Likewise, both Democrats and Republicans have become sharply more skeptical of free trade in recent years, questioning the consensus that prevailed in the 1990s and early 2000s that open flows of goods would lead to greater prosperity.
As China’s economy has grown and the country has come to dominate global industries like electric vehicles and solar panels, both parties have embraced the idea of greater trade protections for American factories. Mr. Trump added tariffs on more than $400 billion of imports during his first term, and Mr. Biden has largely kept those levies intact.
But Mr. Trump is promising a much more aggressive agenda on trade if he is re-elected — an about face from the more free trade orientation of the Republican Party in previous decades.
Like Mr. Trump, the new Republican platform calls for broad, “baseline tariffs” on foreign-made goods, and floats the idea of making tariffs with foreign countries reciprocal. It proposes phasing out imports of essential goods, banning companies that outsource jobs from selling goods to the federal government and stopping China from buying American real estate and investing in U.S. industries.
It also calls for stripping China of its “most favored nation” status, which allows it to trade on similar terms to other members of the World Trade Organization.

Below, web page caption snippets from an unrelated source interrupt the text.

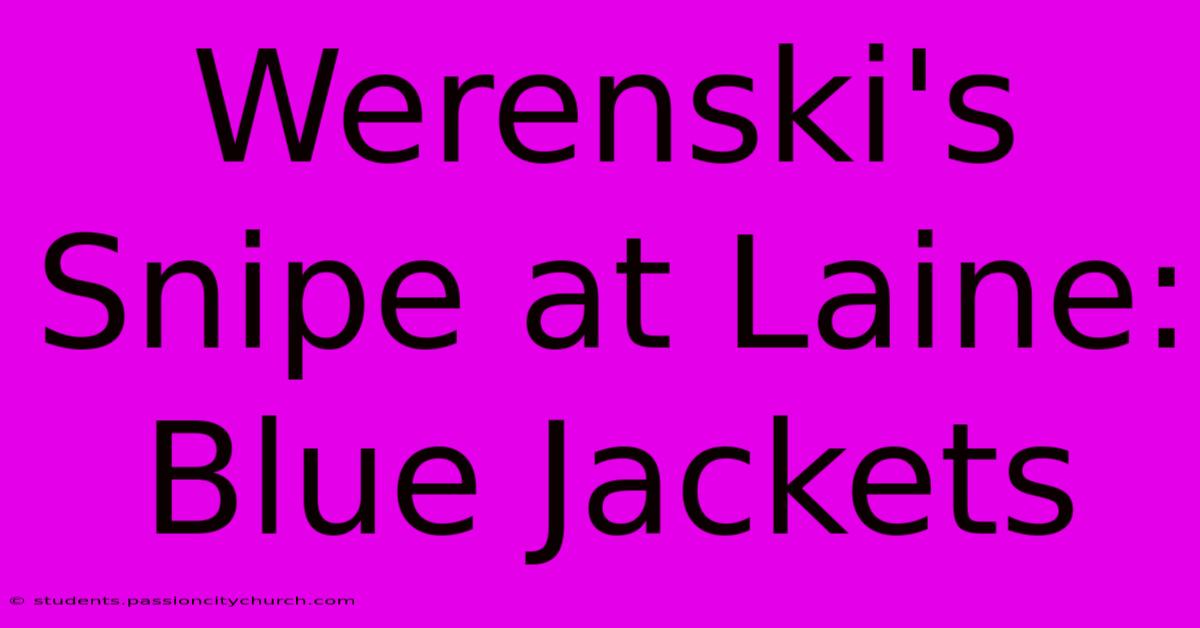 Werenski's Snipe At Laine: Blue Jackets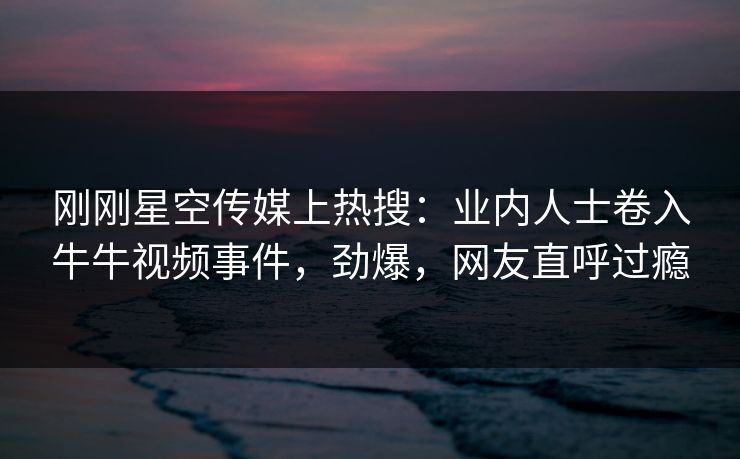 刚刚星空传媒上热搜：业内人士卷入牛牛视频事件，劲爆，网友直呼过瘾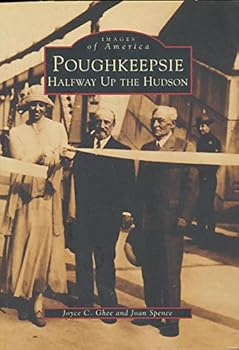 Paperback Poughkeepsie: Halfway Up The Hudson (NY) (Images of America) Book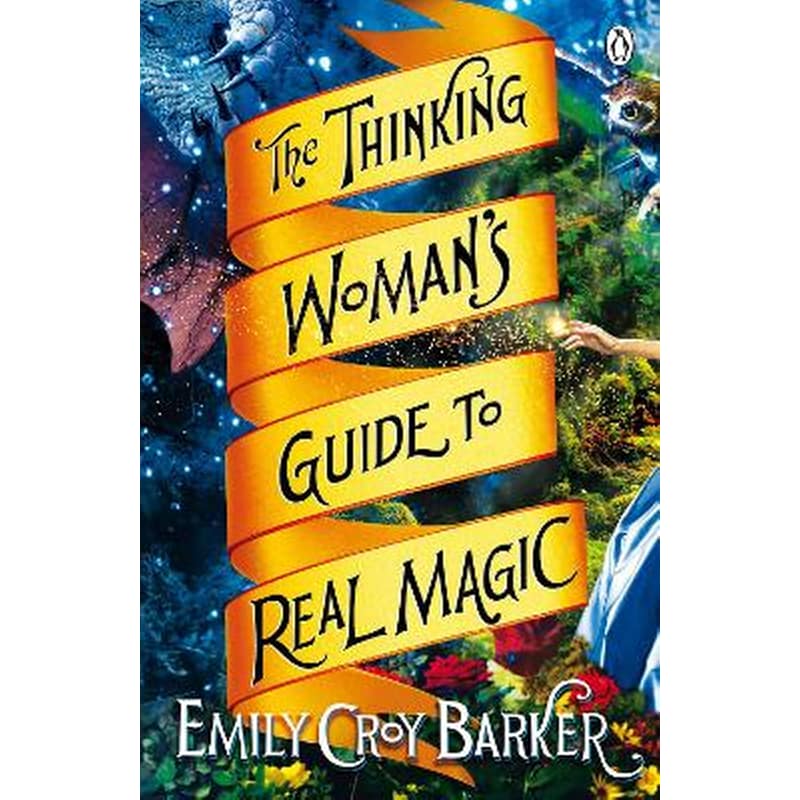 Thinking Womans Guide to Real Magic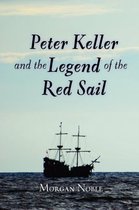 Peter Keller and the Legend of the Red Sail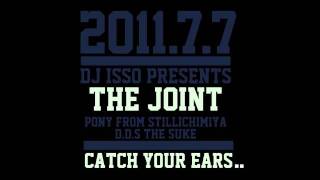 DJ ISSO PRESENTS "THE JOINT" PONY×D.D.S CM CHILL VERSION
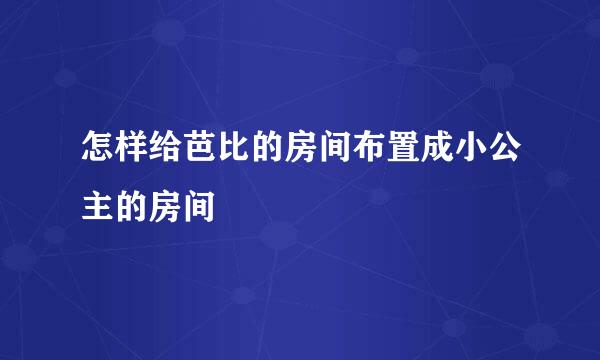 怎样给芭比的房间布置成小公主的房间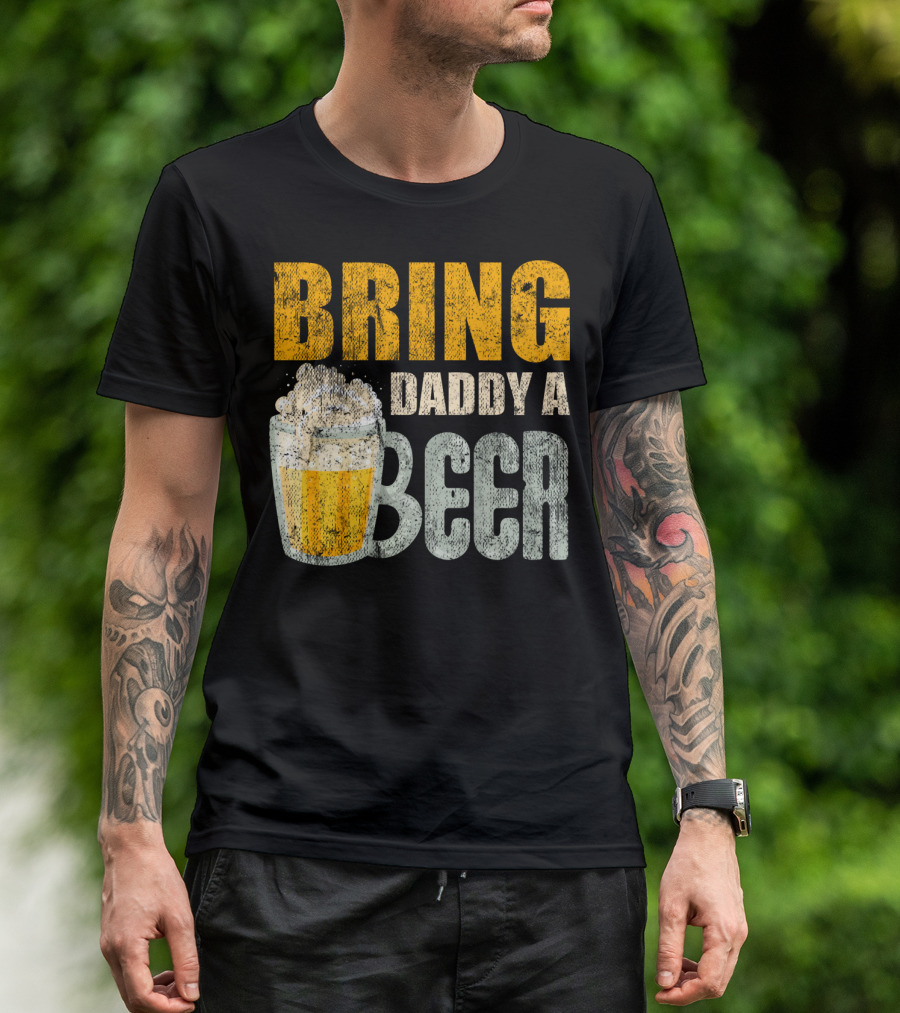 Bring Daddy A Beer Dad Drink With Foam-Topped Mug T-Shirt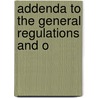 Addenda To The General Regulations And O by Unknown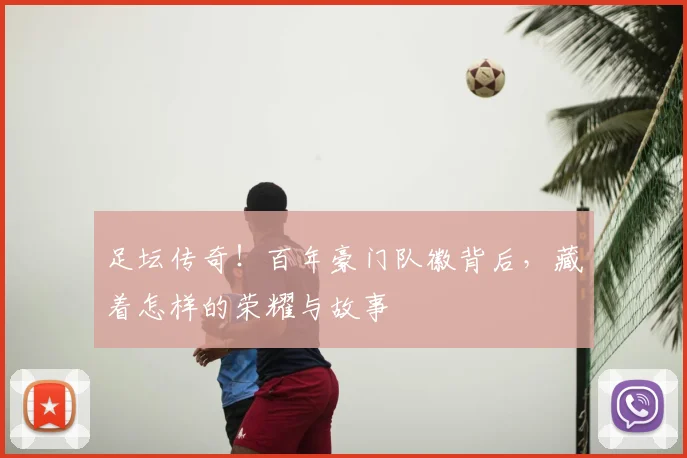 足坛传奇!百年豪门队徽背后,藏着怎样的荣耀与故事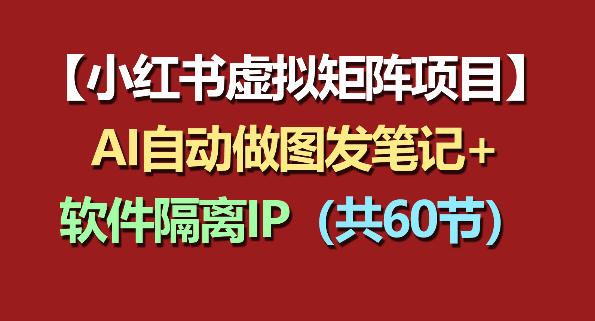 小红书虚拟矩阵项目：软件隔离IP+AI自动做图发笔记(共60节)-搞薯条网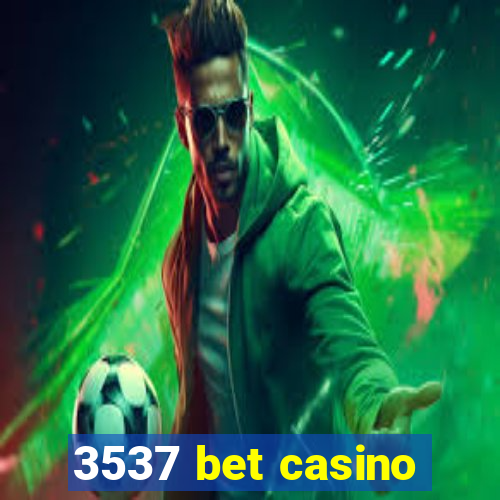 3537 bet casino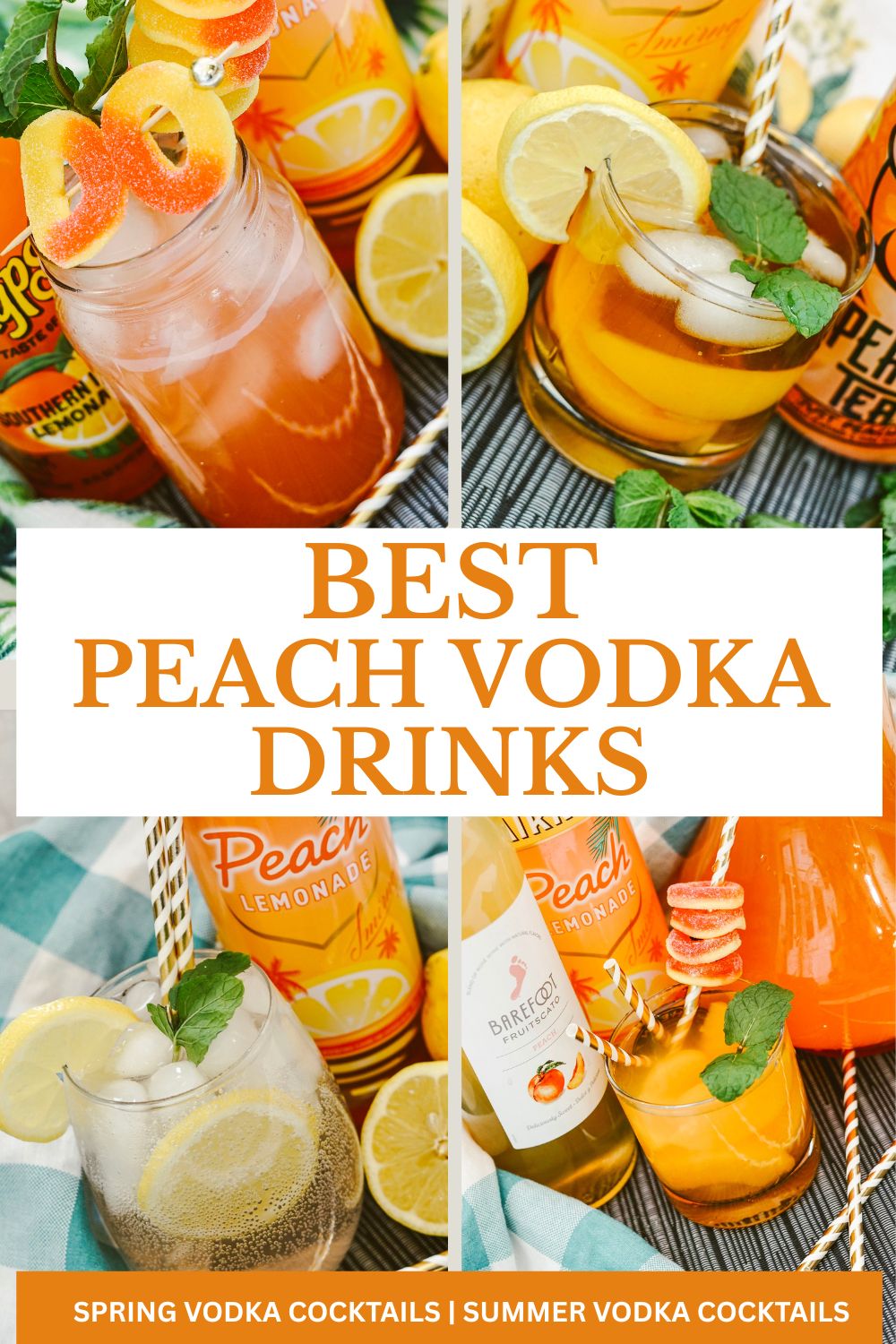 Peach vodka drinks with garnishes and text overlay saying Best Peach Vodka drinks.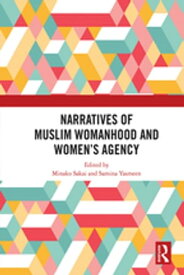 Narratives of Muslim Womanhood and Women's Agency【電子書籍】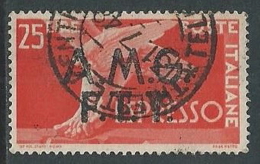 1947-48 TRIESTE A USATO ESPRESSO DEMOCRATICA 2 RIGHE 25 LIRE - L19 - Express Mail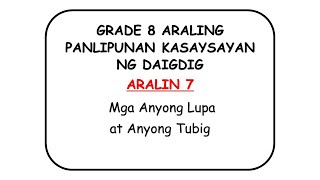 GRADE 8 Araling Panlipunan KASAYSAYAN NG DAIGDIG Aralin 7 Mga Anyong Lupa at Anyong tubig sa Daidig [upl. by Demaggio511]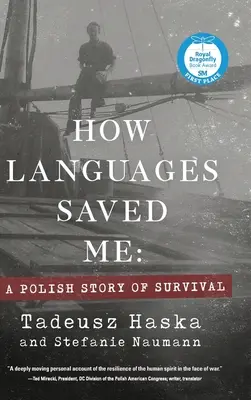 Wie Sprachen mich retteten: Eine polnische Überlebensgeschichte - How Languages Saved Me: A Polish Story of Survival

The proposal has recently gained support in Congress among both Democrats and Republicans, though it raises questions about what level of tariffs would be imposed on China, which continues to sell a steady stream of cheap goods to American consumers.
As that happens, politicians are increasingly embracing tariffs and subsidies as standard tools for managing the economy, trade experts said.
“Every poll has been that people are in favor of tariffs to bring back domestic production,” said Michael Stumo, the chief executive of the Coalition for a Prosperous America, which advocates more protectionist trade policies. “There’s a competition for the blue collar vote. The Dems are losing it, the Trump Republicans are gaining it.”
Mr. Trump is working to solidify his white, working- and middle-class base by emphasizing a mixture of economic nationalism and anti-immigration rhetoric. Free-market economics have been replaced by a new, more disjointed, set of ideas.
“If there’s a philosophy, it’s an incoherent one,” Ms. Dolan said.
If anything, the unifying theme in 2024 is the candidate himself.
“It’s just a series of outtakes from Trump’s rallies,” said Marjorie Hershey, a professor emerita of political science at Indiana University Bloomington. “It says that the Republican Party is now a fully-owned subsidiary of Donald Trump.”